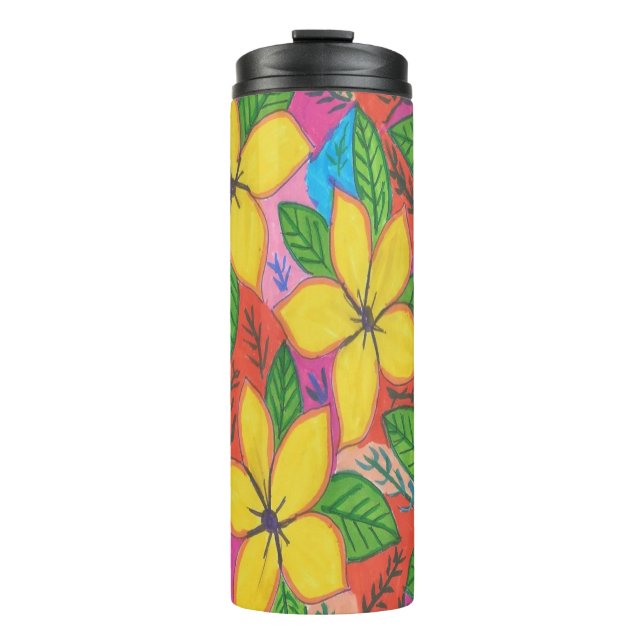 Tropischer Plumeria Thermosbecher (Vorderseite)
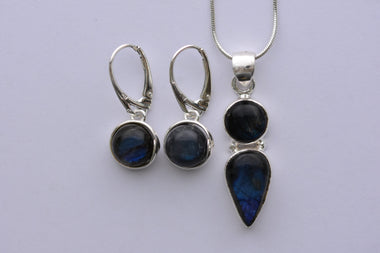 Labradorit köves ékszer szett ezüst foglalatban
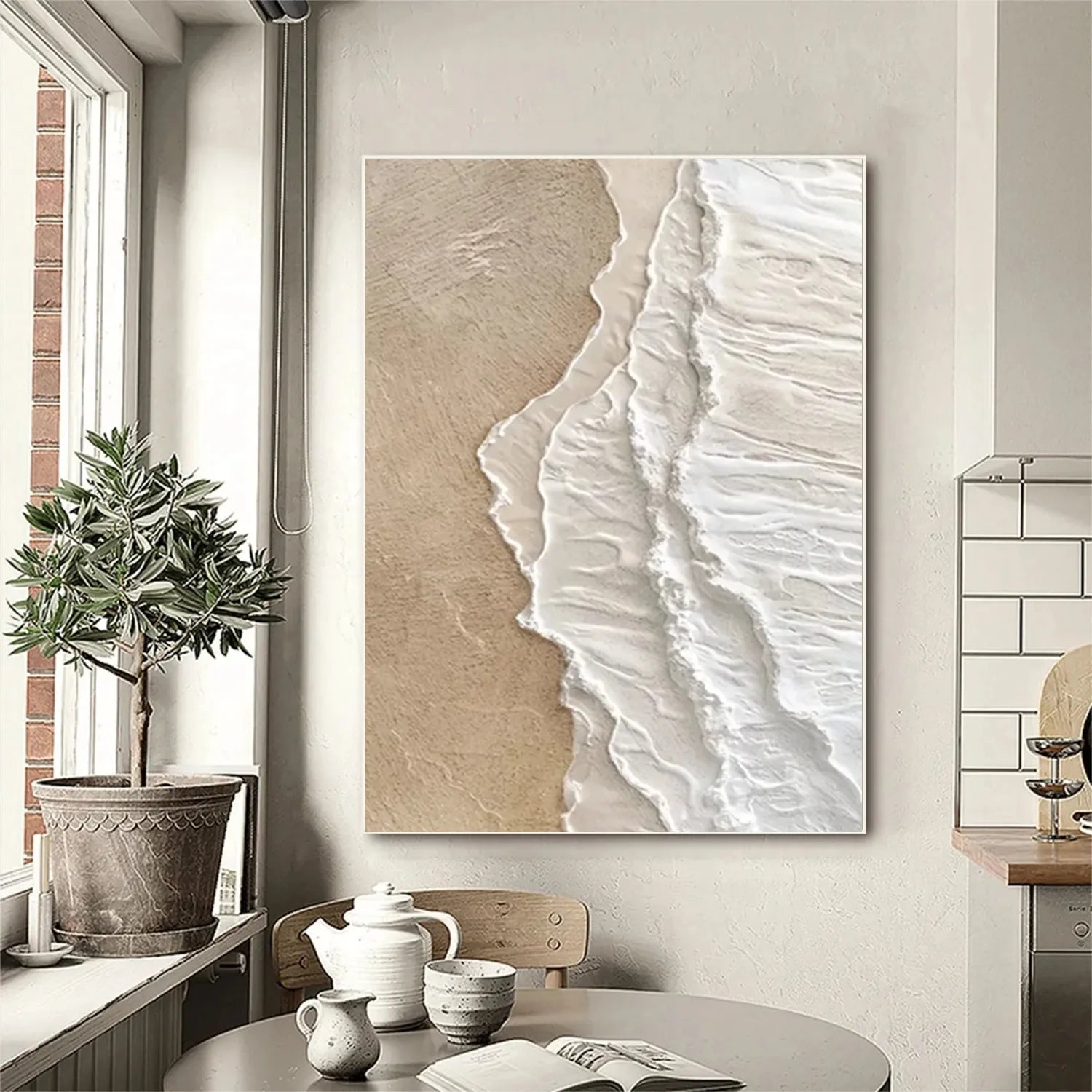Vertical Beige and White Textured Beach Abstract Oil Painting - Modern Serene #JJ 135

**What to do**
The range to transcribe runs from the line holding "Labradorit köves ékszer" through the final line of the data above; copy it exactly and exclude the pictures.

**Exercise answer**
 Labradorit köves ékszer szett ezüst foglalatban
Vertical Beige and White Textured Beach Abstract Oil Painting - Modern Serene #JJ 135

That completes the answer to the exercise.